The first unredacted entry in Franke’s journal, however, notes Hildebrandt received a blessing May 21 from a person she identifies as a local Latter-day Saint temple president.
About three weeks later, Franke’s journal indicated, Hildebrandt also traveled to Salt Lake City on June 13 to meet with two leaders from The Church of Jesus Christ of Latter-day Saints.
The faith does not advise or support practices such as restraining children or withholding food as punishment. The church did not immediately comment Friday on the released records or Franke’s journal.
The journal entries that stretch until Aug. 27 otherwise focus on Franke’s two youngest children, who she accuses of “deviant behavior.”
[Read more: Ruby Franke case: A timeline of events]
“These selfish selfish children who only desire to take, lie [and] attack have zero understanding of God’s love for them,” she wrote.
At one point in July, Franke wrote that her son refused to do any more “work” and began screaming. In response, his hair was shaved off. The next day, she wrote, the boy attempted to run away.

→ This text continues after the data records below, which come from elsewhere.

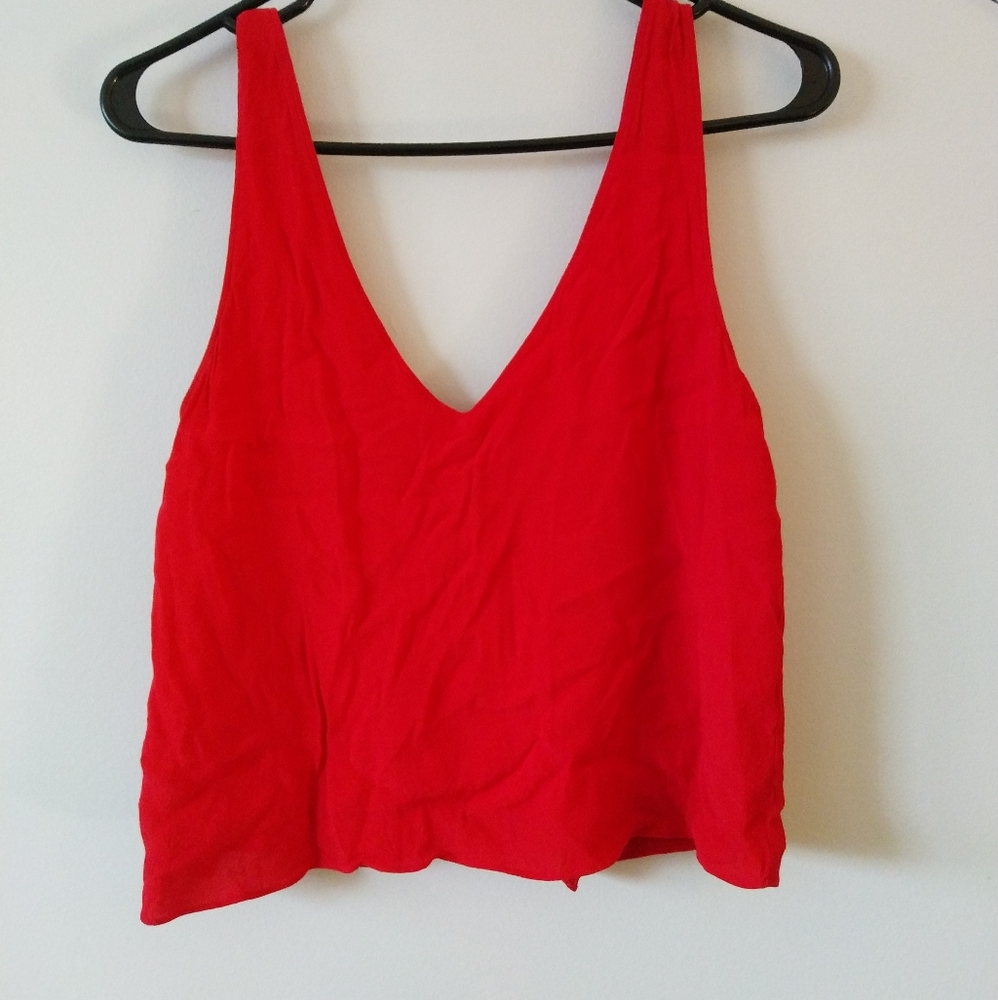 *2 for $15* Red Aritzia Cropped Blouse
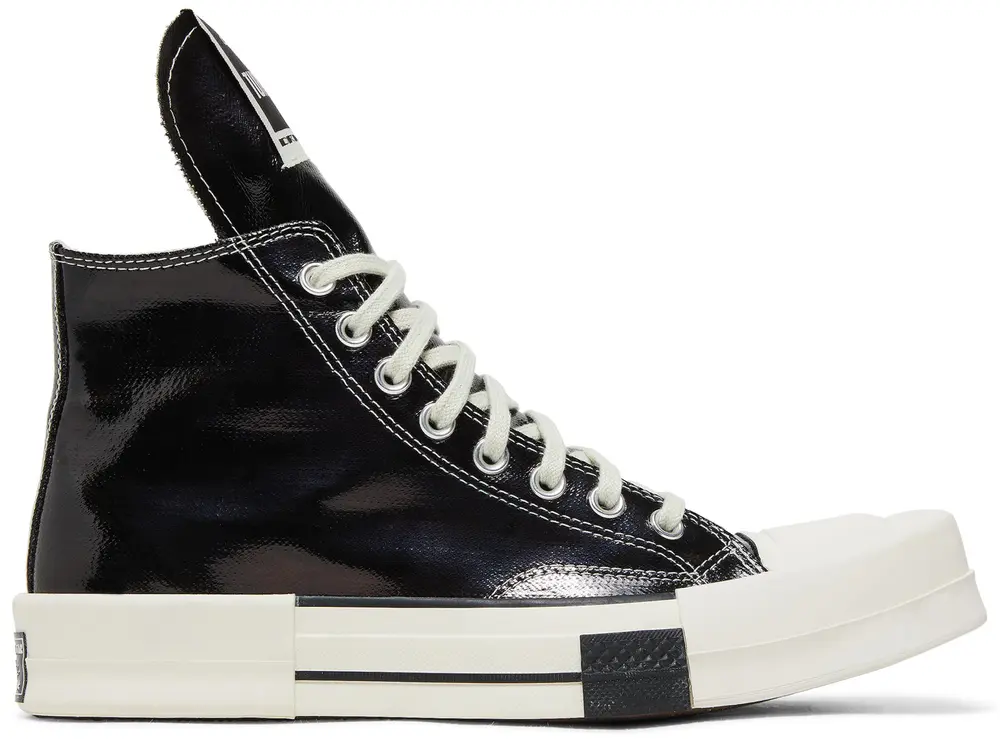 Rick Owens DRKSHDW Converse TURBODRK Chuck Taylor All-Star 70 Hi Black Lacquered Denim - Image 5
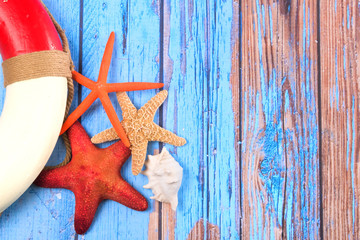 Beach poster with starfishes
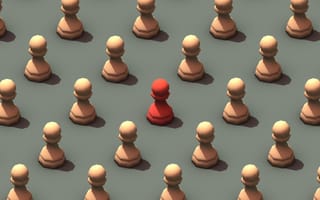 digital art of chess pieces focused on one red piece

“It is [the boy’s 12th] birthday and he doesn’t even know what month it is,” Franke wrote on July 10. “… I told [the boy] that he emulates a snake. He slithers and sneaks around looking for opportunities when no one is watching.”
Franke continues to demean the children throughout the journal, calling her son a compulsive liar and writing that she “never would have suspected the cold, dead heart [he] has.”
She describes her daughter as manipulative and at one point cut off all the girl’s long hair — “no more distracting with long hair,” Franke wrote in the entry.
“‘My mom starves me and calls it fasting,’” Franke recalled her daughter saying in one entry. “‘If I can’t go home, then what’s the point in being obedient?’”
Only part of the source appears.